Diabetes injection technique guidelines updated
Guidelines on diabetes injection techniques have been updated so healthcare professionals can issue the new advice to their patients.
The Forum for Injection Technique (FIT) UK, which provides evidence-based best practice recommendations on diabetes injection technique, has published the latest edition of its UK Injection and Infusion Technique Recommendations.
The fourth edition of the document covers key aspects of injection technique, such as the importance of using short pen needles, recommended injection sites, and how to avoid lipohypertrophy. For the first time a set of six golden rules for people to follow have been also been included, along with guidance on the psychological challenges of injections, therapeutic education, and injection safety.
The newly issued golden rules, which include treating and preventing lipohypertrophy and advice on sharp disposal, have also been published as a separate booklet. They have been specifically designed as an easy-to-read reminder of best practice injection technique to help clinicians care for people with diabetes that use injectable therapies throughout the UK.

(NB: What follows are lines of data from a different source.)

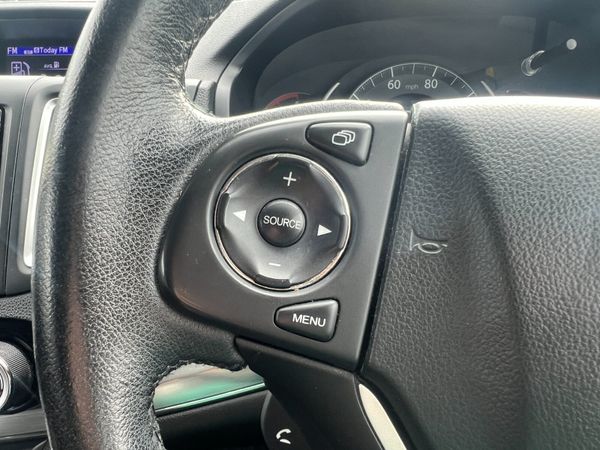 2017 Honda CR-V SE + 1.6 I-DTEC 367773571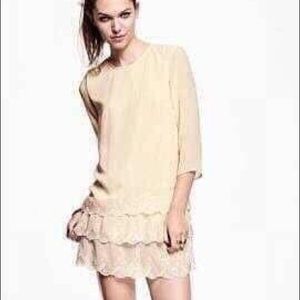 H&M lace dress
bust 36”, hip 40”,length 31”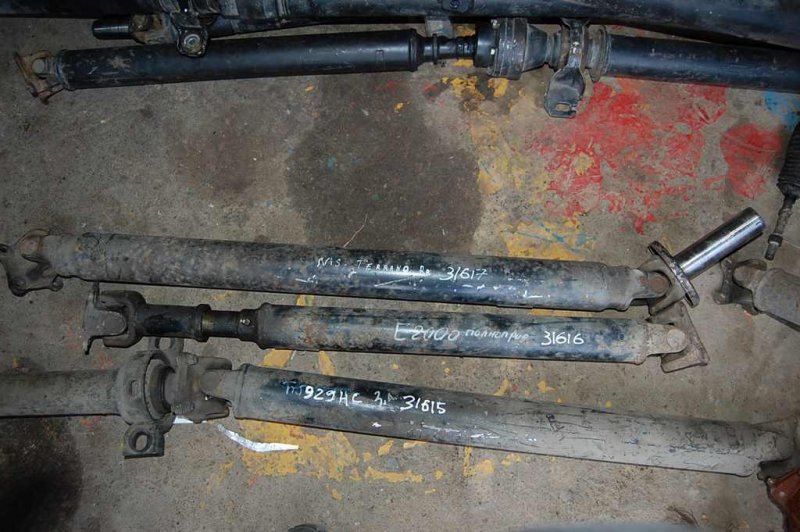 Запчасть карданный вал задний NISSAN TERRANO 86-92 37300-45G10 Б/У Карданный вал задний NISSAN TERRANO 86-92 37300-45G10 Б/У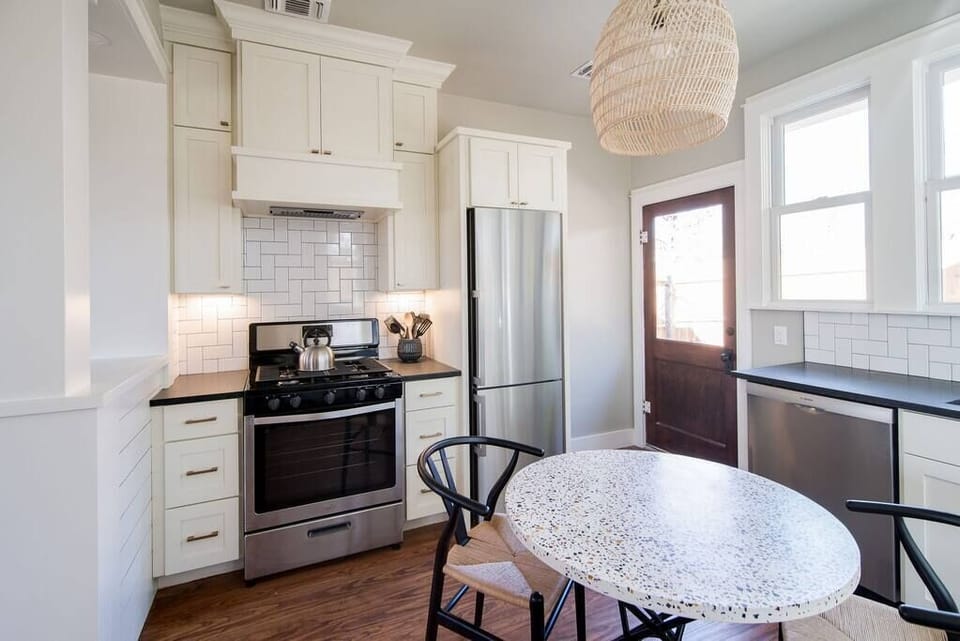 Full kitchen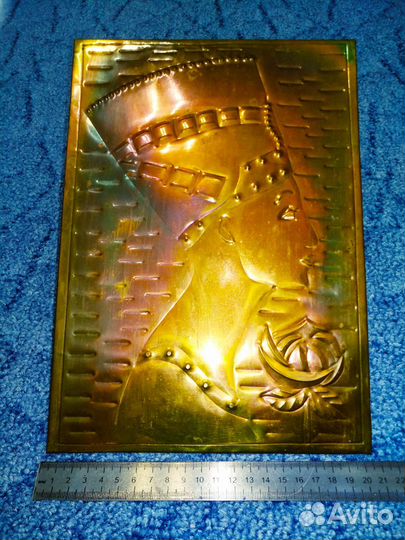 Чеканка Нефертити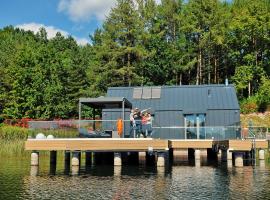 Unique vacation home on the water – hotel w mieście Bytów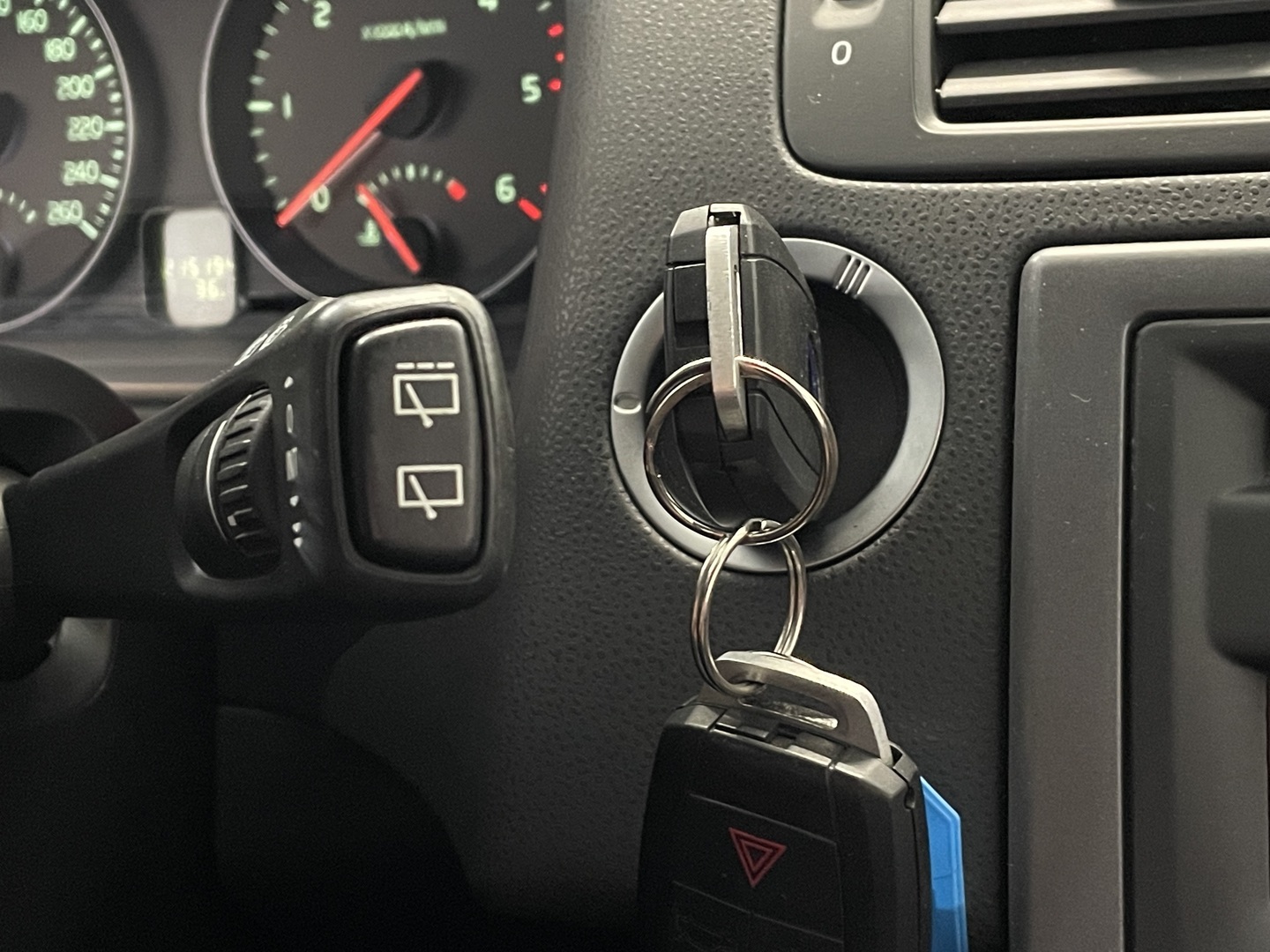 VOLVO V50 2010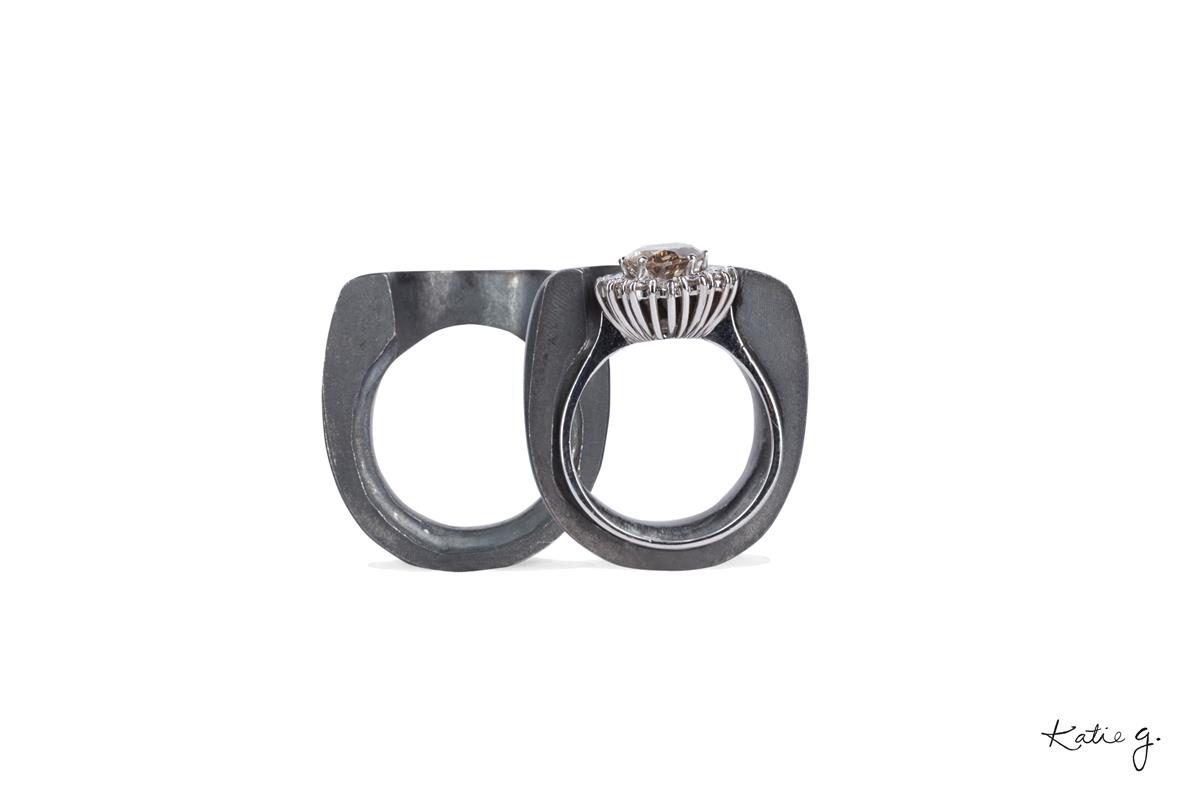 Katie g. Jewellery_Ring Casing aus oxidiertem Sterling Silber für Familienerbstück Ring mit braunem ovalschliff Diamant und weißen Brillanten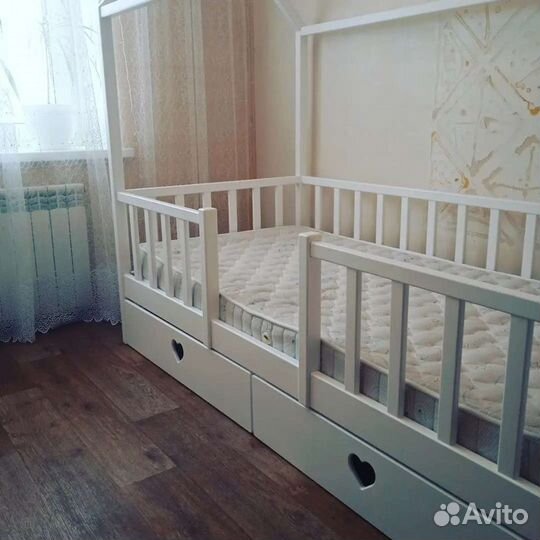 Кровать домик
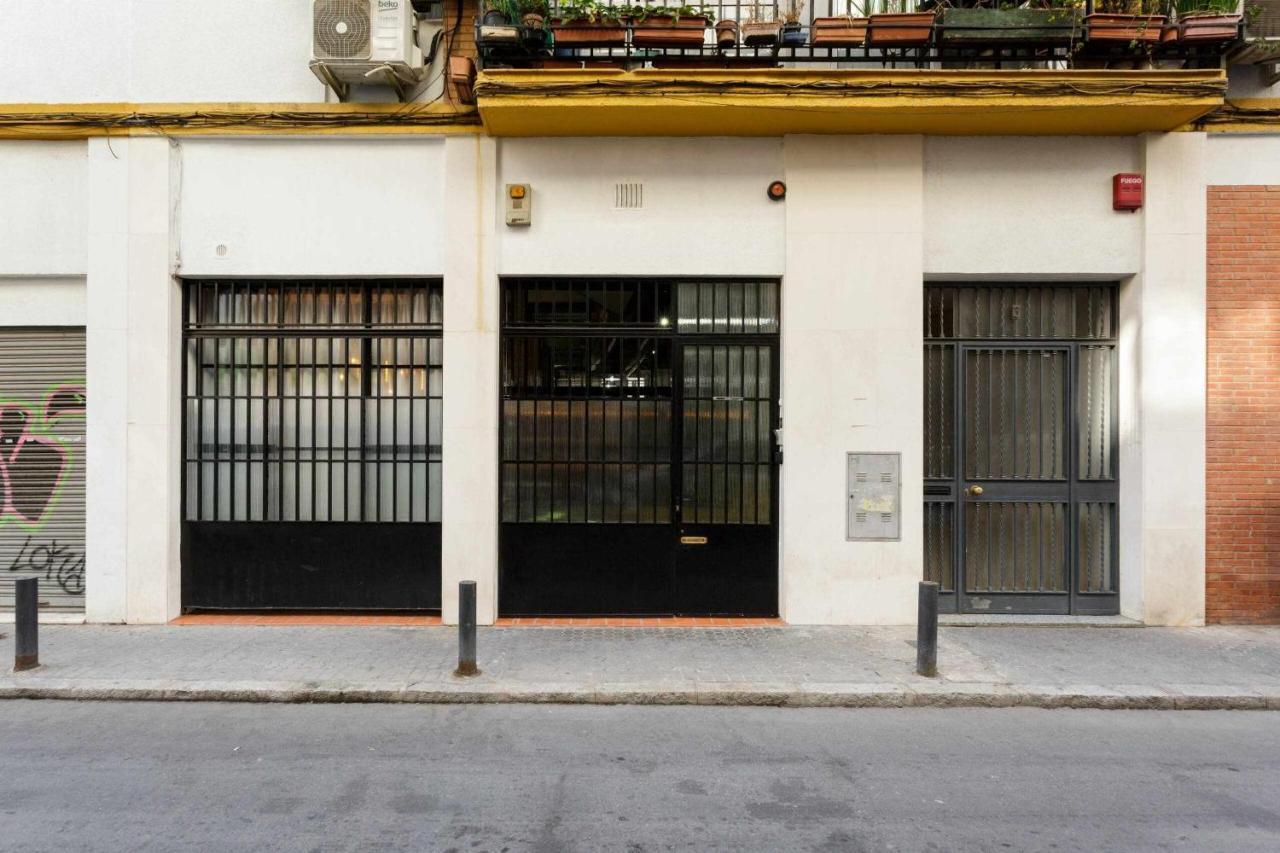 סביליה Monkeys Apartments Luxury Metaloft מראה חיצוני תמונה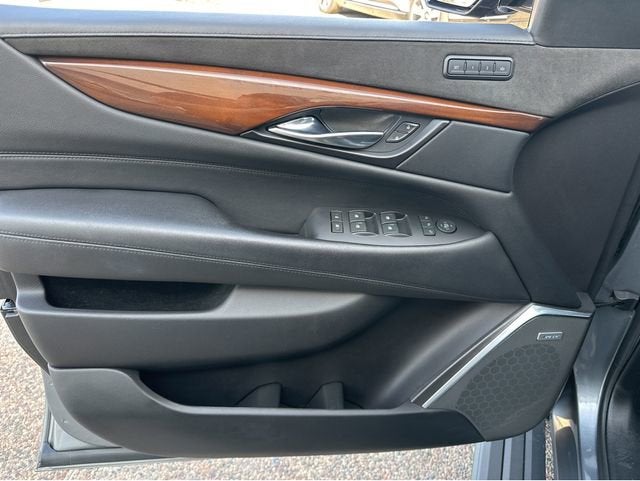 2020 Cadillac Escalade Premium Luxury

FIT UK board chair Debbie Hicks said: “For those people with diabetes using injectable therapies, best practice injection technique is a crucial element of condition management as it is essential for therapies to achieve their optimal effect. Poor technique can lead to injectable therapies being absorbed in an unpredictable manner, and immediate problems such as hypoglycaemia and hyperglycaemia may result.
“In the longer term, poor glycaemic control can increase the risk of complications including kidney failure, blindness and limb amputation.
“Best practice injection technique has the ability to reduce hypoglycaemic episodes and encourage glycemic stability, and FIT’s overarching mission is to support people with diabetes using injectable therapies to achieve the best possible health outcomes that are influenced by correct injection technique.
These recommendations are designed to help ensure that the correct prescribed dose of medication is delivered to the correct injection site, using the correct technique, thus helping to avoid diabetes related complications.”
FIT UK’s recommendations were updated following the Forum for Injection Technique & Therapy Recommendations (FITTER) congress, which was held in Rome in 2015.
At the event, international FITTER recommendations were created by a group of 183 diabetes experts from 54 countries, based on findings of the largest ever injection technique survey, which took place from February to June 2015, and involved over 13,200 participants from 42 countries.
Diabetes UK estimates that more than one in 16 people in the UK have diabetes (diagnosed or undiagnosed) and that there are four million people living with diabetes in the UK, a figure which is projected to rise to five million people by 2025.